Step 3: Update the Plugin

Install BotBlocker version 1.6.8 or later, which fixes cookie-related issues that could cause checkout problems.

Security Note

Allowing these paths does not compromise your site’s security. BotBlocker only permits verified users to access them, ensuring that sessions, cookies, and order processing work correctly.

Part 2: Configuring REST API Protection for Integrations

The Problem

Many WooCommerce stores integrate with external services: shipping companies, inventory management systems, CRM platforms, and mobile apps. These services use the WooCommerce REST API. By default, BotBlocker may block these requests, breaking your integrations.

The Solution: Smart Whitelisting

BotBlocker offers a flexible whitelisting system that allows you to grant API access only to specific trusted services without exposing the API publicly.

Step-by-Step API Configuration

Step 1: Temporarily Allow the API Path

Go to BotBlocker → Rules → Paths and add:

• /wp-json/wc/v3/ (or the version your integration uses)

Mark this path as Allowed.

Step 2: Generate Real Traffic

Trigger a real API request from your integration:

• For shipping services: print a test shipping label
• For other integrations: perform a test action that calls the API
• Alternatively, place a test order

This creates log entries that BotBlocker can analyze.

Step 3: Analyze the Full Log

Navigate to BotBlocker → Full Log and find requests to the API path you allowed.

Look for identifying characteristics of your integration:

User-Agent (most reliable):

Example: "ShipStation/1.0" or "MyShippingApp/2.5"

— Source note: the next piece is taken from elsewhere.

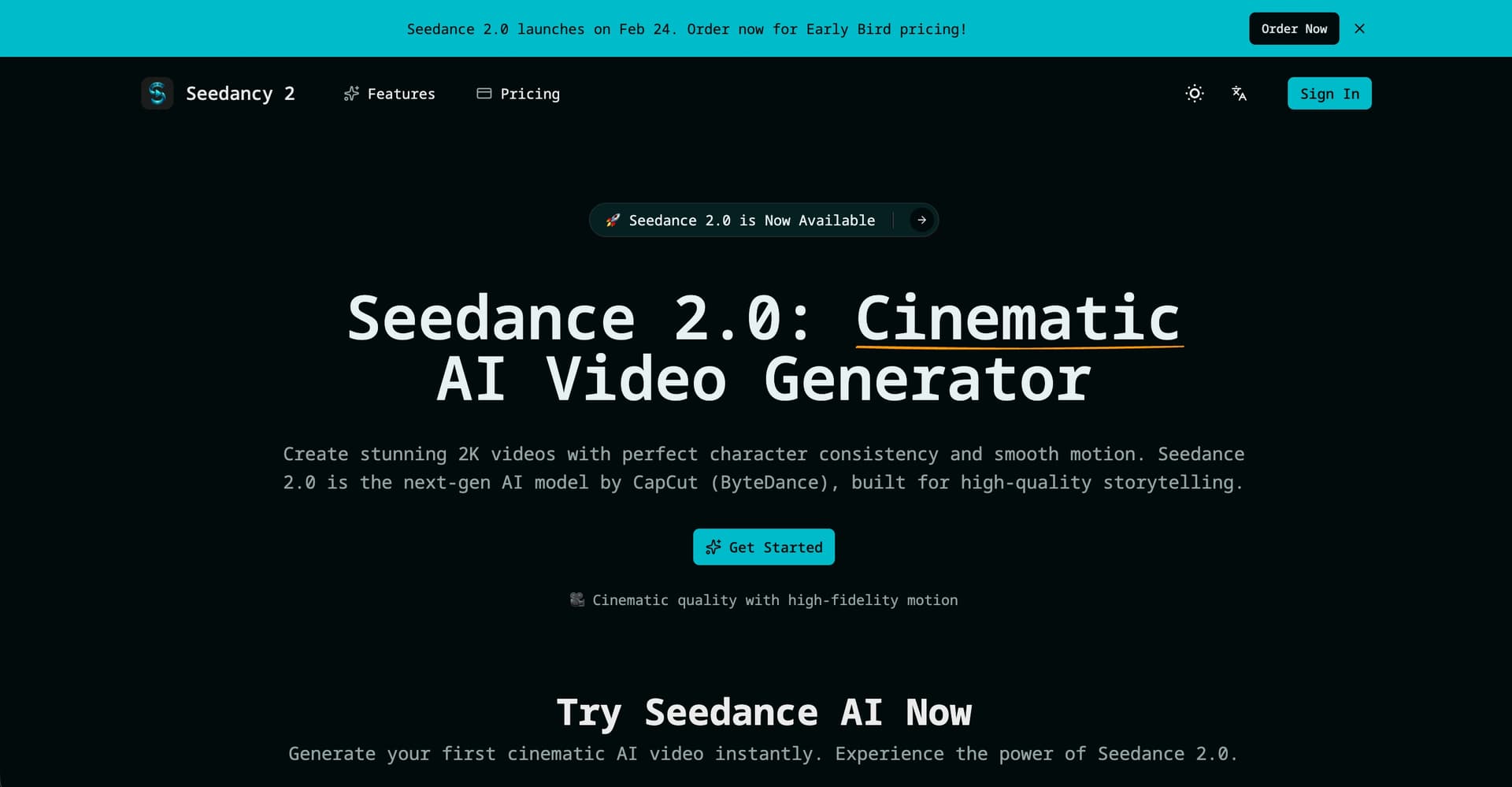 Seedancy 2 - Product Image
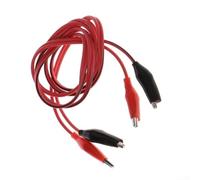 Herramienta de medición de prueba eléctrica que incluye 1 cable de alimentación de silicona de dos abrazaderas con cobre para clips de cocodrilo diseñados para una conductividad y seguridad fiables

PTR/Reverse DNS (very reliable for major providers):

Example: "mail.fedex.com" or "api.shipstation.com"

IP Address (less reliable, use only as a last resort):

Example: "192.168.1.100"
Note: IPs can change, check if your provider uses a static IP or IP range

Step 4: Create a Permanent Allow Rule

From the log entry, create a rule that identifies your integration:

Best option — by User-Agent:

• Click on the User-Agent value in the log
• Create a rule: “Allow requests with this User-Agent”
• Set expiration to +10 years (effectively permanent)

Alternative — by PTR:

• Use if the provider has a stable reverse DNS
• More reliable than IP addresses

Last resort — by IP:

• Only if the provider guarantees a static IP
• Less reliable due to potential IP changes

Step 5: Remove the Open API Path

After your permanent rule is active and tested:

1. Verify that the integration still works
2. Disable or delete the open API path (/wp-json/wc/v3/)
3. Test the integration again

Result

✅ WooCommerce REST API remains fully protected
✅ Only your trusted integration can access it
✅ No public or anonymous API access
✅ Order status updates and tracking emails work correctly
✅ Maximum security with zero functionality loss

Common Issues and Solutions

Problem: Checkout Still Not Working

Solution:

1. Clear your browser cache and cookies
2. Verify that all rules are enabled (green status)
3. Check that the plugin is updated to version 1.6.8+
4. Temporarily disable other security plugins to rule out conflicts

Problem: Mobile App Can’t Connect to API

Solution:

1. Follow the API whitelisting process above
2. Check that your app sends a consistent User-Agent
3. If the app uses multiple IP addresses, consider whitelisting by User-Agent instead

Problem: Some AJAX Requests Are Blocked

Solution: Add the specific AJAX action to allowed paths:

/?wc-ajax=action_name

Best Practices

1. Always test after changes — place a test order to verify checkout works
2. Use User-Agent for whitelisting whenever possible — it’s the most reliable method
3. Monitor the Full Log regularly — check for blocked legitimate traffic
4. Keep the plugin updated — new versions fix bugs and improve compatibility
5. Document your rules — maintain a list of which integrations use which rules

Future Improvements

In upcoming BotBlocker versions, the plugin will automatically create WooCommerce-specific rules during installation, making initial setup even easier.

Conclusion

Proper BotBlocker configuration provides robust protection against malicious traffic while ensuring your WooCommerce store operates smoothly. By following this guide, you’ll maintain maximum security without sacrificing functionality or user experience.

Remember: security and usability don’t have to be mutually exclusive. With smart configuration, you can have both.